> Exercise inputs
# # # # #
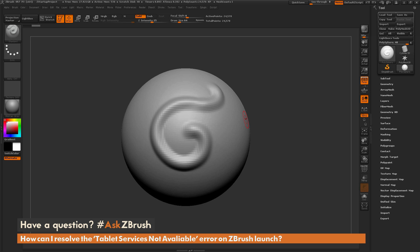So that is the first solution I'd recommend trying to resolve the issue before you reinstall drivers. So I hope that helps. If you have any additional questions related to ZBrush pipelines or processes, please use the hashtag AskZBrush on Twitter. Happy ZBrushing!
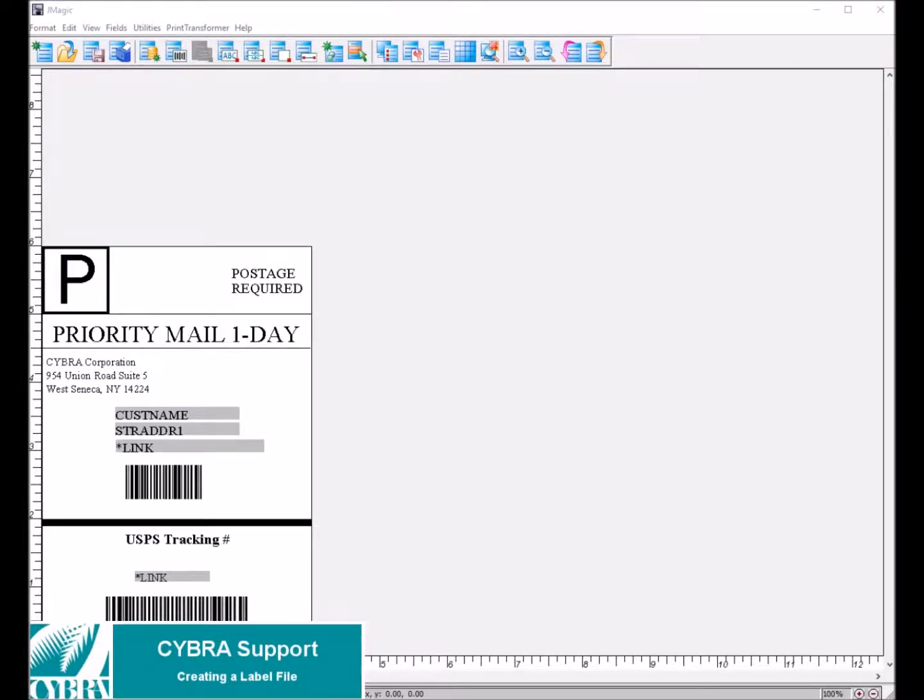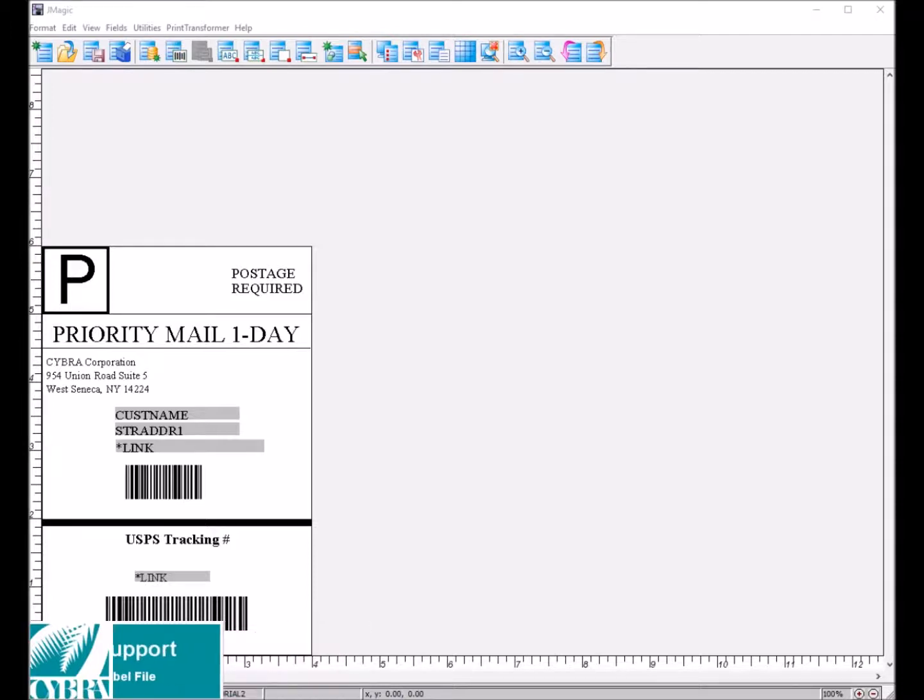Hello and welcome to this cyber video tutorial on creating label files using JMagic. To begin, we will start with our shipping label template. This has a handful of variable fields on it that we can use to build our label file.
# # # # #
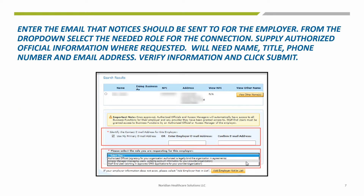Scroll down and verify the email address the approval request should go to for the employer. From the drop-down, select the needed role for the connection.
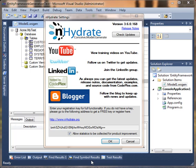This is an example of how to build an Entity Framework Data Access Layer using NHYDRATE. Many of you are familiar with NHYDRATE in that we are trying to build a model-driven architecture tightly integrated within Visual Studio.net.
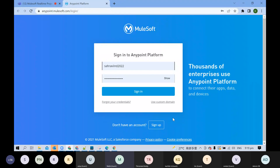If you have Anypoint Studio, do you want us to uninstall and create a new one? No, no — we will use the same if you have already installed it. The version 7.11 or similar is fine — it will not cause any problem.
# # # # #
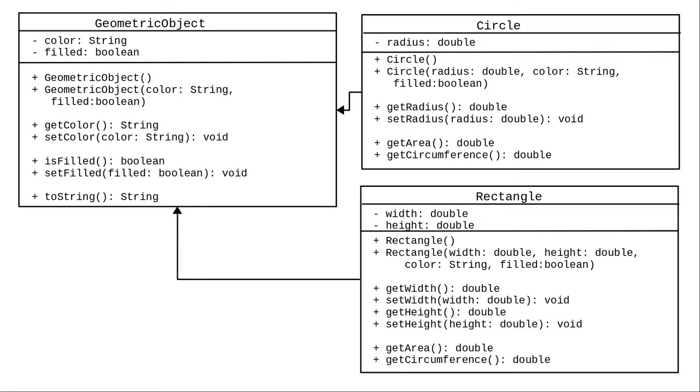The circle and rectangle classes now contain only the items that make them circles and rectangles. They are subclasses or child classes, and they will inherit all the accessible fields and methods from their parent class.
# # # # #
> Assignment
Drop the pictures; return the lines above from the line containing "This is an example" to the line containing "If you have Anypoint", both included, exactly.

> The completed task
This is an example of how to build an Entity Framework Data Access Layer using NHYDRATE. Many of you are familiar with NHYDRATE in that we are trying to build a model-driven architecture tightly integrated within Visual Studio.net.
If you have Anypoint Studio, do you want us to uninstall and create a new one? No, no — we will use the same if you have already installed it. The version 7.11 or similar is fine — it will not cause any problem.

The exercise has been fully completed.